* [Activity]:
Beginning with the line where "Screenshot for Mortal Kombat X: Alien" appears, set down each line exactly until the records below end, and omit the pictures.

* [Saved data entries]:
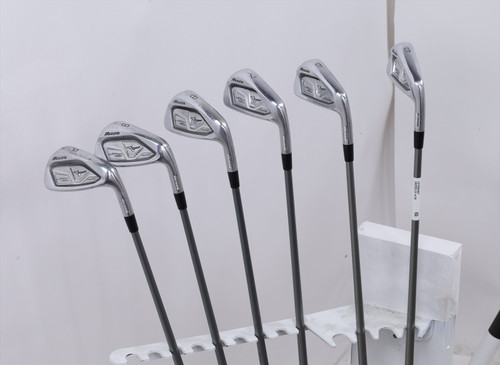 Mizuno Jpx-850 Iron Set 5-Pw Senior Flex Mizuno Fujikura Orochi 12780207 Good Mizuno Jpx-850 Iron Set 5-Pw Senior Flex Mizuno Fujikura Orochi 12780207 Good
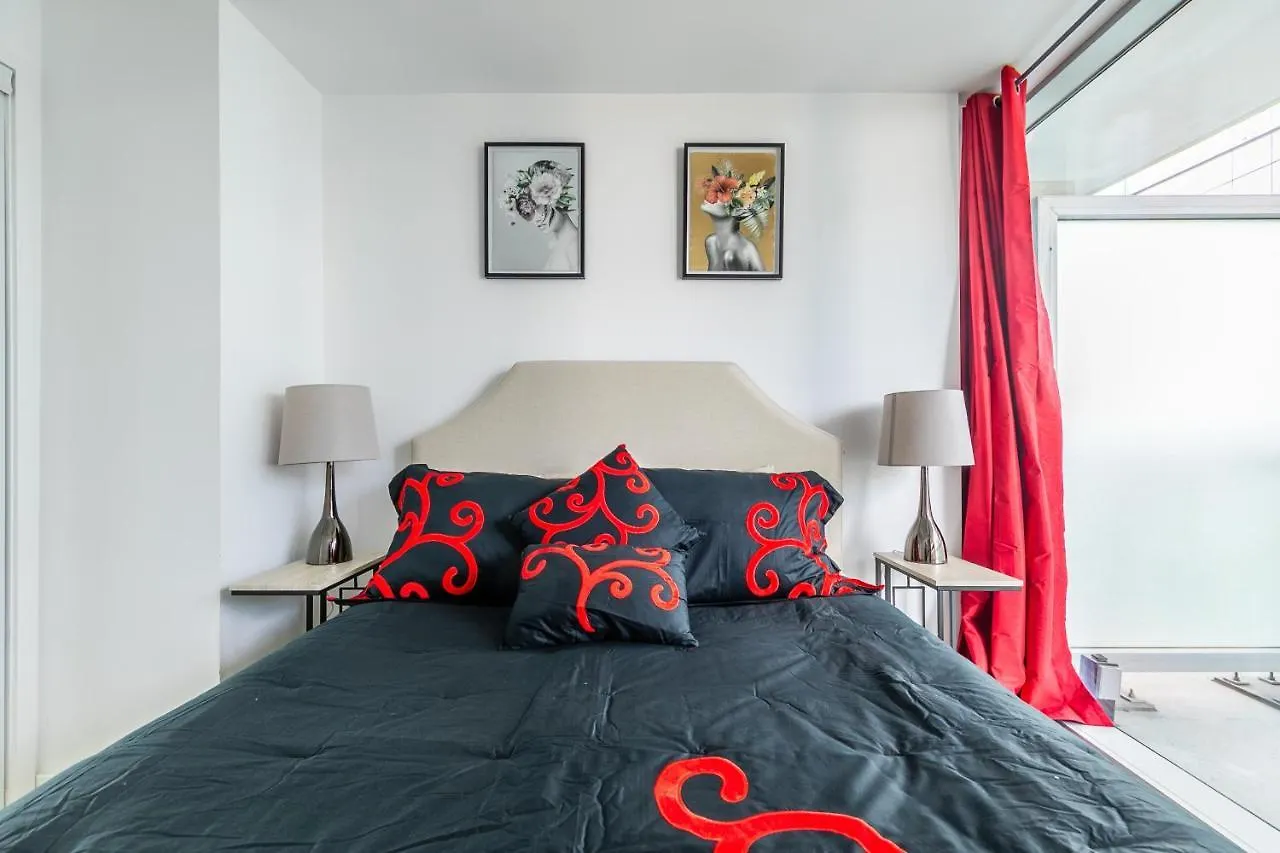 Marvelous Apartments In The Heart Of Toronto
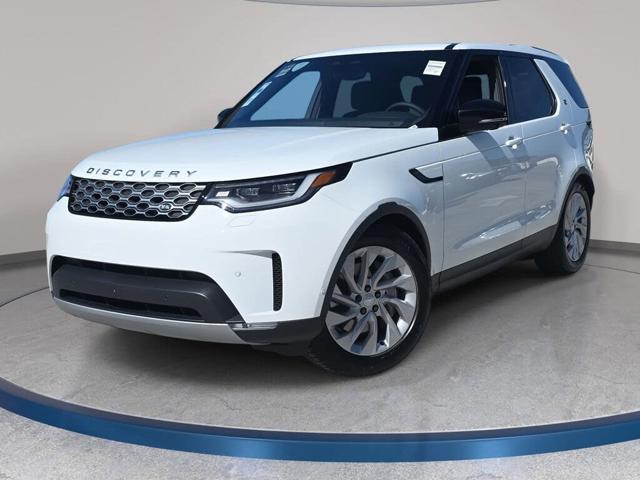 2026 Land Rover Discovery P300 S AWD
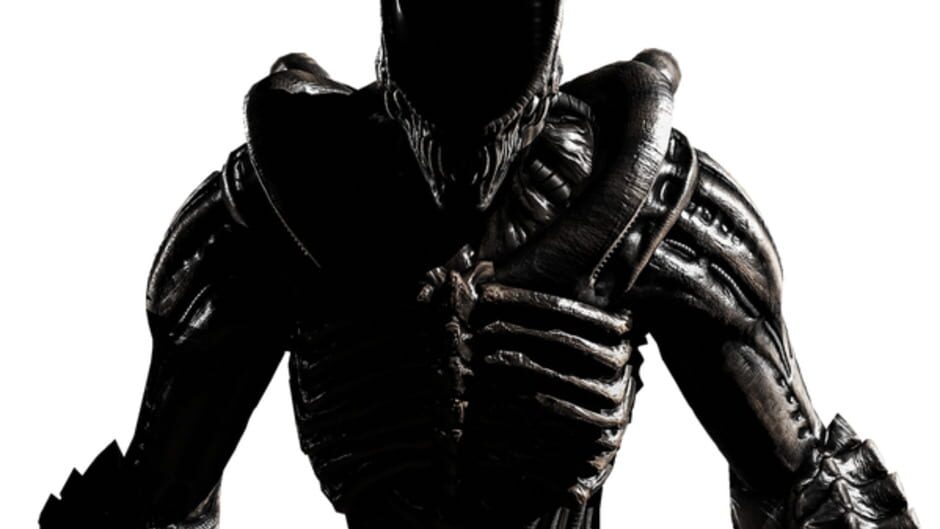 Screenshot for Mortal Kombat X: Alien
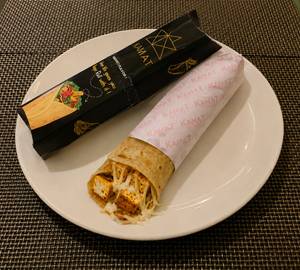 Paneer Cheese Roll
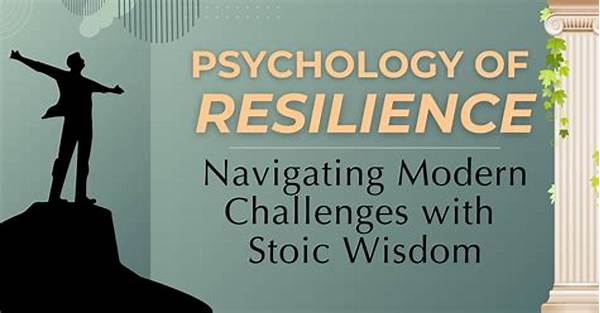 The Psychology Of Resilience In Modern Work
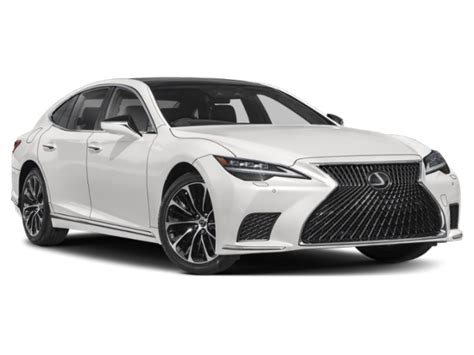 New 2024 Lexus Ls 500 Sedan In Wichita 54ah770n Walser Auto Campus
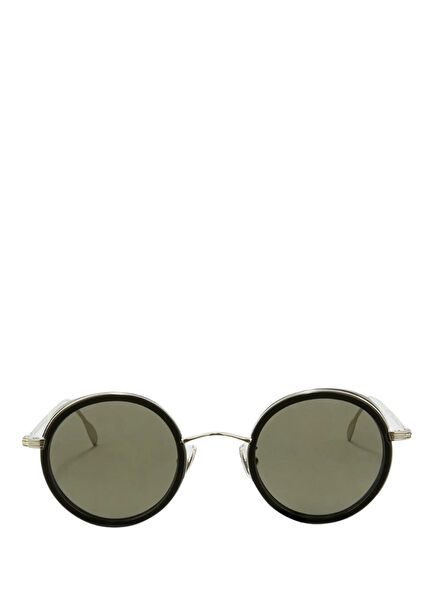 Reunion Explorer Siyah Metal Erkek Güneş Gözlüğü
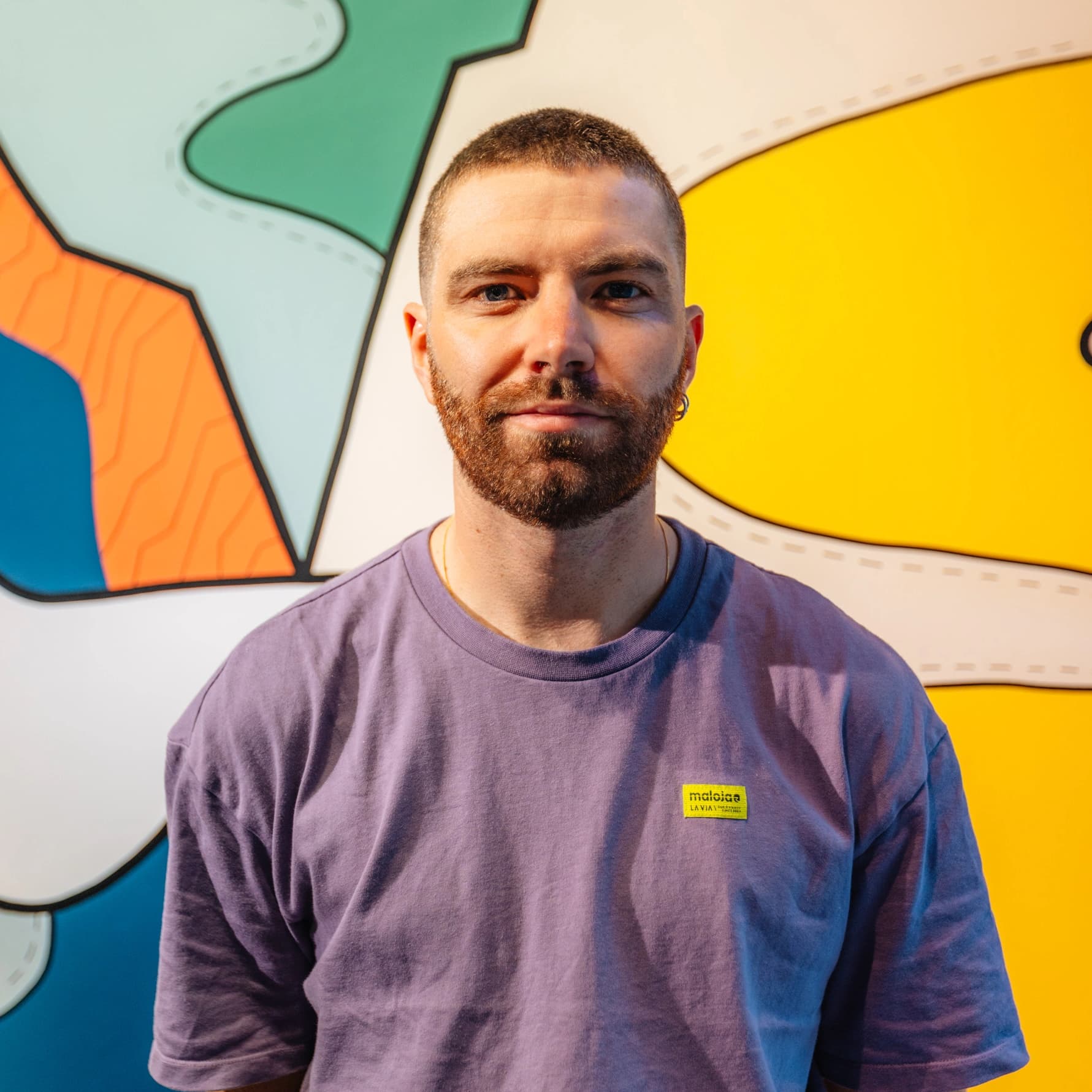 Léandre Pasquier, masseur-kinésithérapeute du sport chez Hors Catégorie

* [Response below]:
 Screenshot for Mortal Kombat X: Alien
 Paneer Cheese Roll
 The Psychology Of Resilience In Modern Work
 New 2024 Lexus Ls 500 Sedan In Wichita 54ah770n Walser Auto Campus
 Reunion Explorer Siyah Metal Erkek Güneş Gözlüğü
 Léandre Pasquier, masseur-kinésithérapeute du sport chez Hors Catégorie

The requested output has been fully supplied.